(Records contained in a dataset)
════════════════
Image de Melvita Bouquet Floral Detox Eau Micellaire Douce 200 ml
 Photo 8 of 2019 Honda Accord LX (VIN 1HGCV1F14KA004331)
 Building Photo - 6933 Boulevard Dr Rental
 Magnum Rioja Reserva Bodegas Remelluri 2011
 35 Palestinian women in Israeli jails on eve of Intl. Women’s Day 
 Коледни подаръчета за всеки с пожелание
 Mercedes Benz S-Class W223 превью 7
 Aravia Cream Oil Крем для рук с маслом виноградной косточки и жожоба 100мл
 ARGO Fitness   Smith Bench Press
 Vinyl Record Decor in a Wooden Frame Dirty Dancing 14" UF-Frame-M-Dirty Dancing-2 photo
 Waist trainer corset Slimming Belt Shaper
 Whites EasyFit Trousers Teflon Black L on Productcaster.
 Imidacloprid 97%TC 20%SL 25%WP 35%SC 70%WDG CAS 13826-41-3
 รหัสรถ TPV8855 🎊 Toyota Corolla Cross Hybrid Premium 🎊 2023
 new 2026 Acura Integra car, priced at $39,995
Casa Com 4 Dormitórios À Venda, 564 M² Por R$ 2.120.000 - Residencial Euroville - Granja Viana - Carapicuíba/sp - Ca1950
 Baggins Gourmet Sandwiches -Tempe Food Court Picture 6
════════════════
Work request: Give back, exactly and with nothing added, the lines from the line containing "Waist trainer corset Slimming Belt Shaper" through the final line of the records above, both of them included.

Solution:
 Waist trainer corset Slimming Belt Shaper
 Whites EasyFit Trousers Teflon Black L on Productcaster.
 Imidacloprid 97%TC 20%SL 25%WP 35%SC 70%WDG CAS 13826-41-3
 รหัสรถ TPV8855 🎊 Toyota Corolla Cross Hybrid Premium 🎊 2023
 new 2026 Acura Integra car, priced at $39,995
Casa Com 4 Dormitórios À Venda, 564 M² Por R$ 2.120.000 - Residencial Euroville - Granja Viana - Carapicuíba/sp - Ca1950
 Baggins Gourmet Sandwiches -Tempe Food Court Picture 6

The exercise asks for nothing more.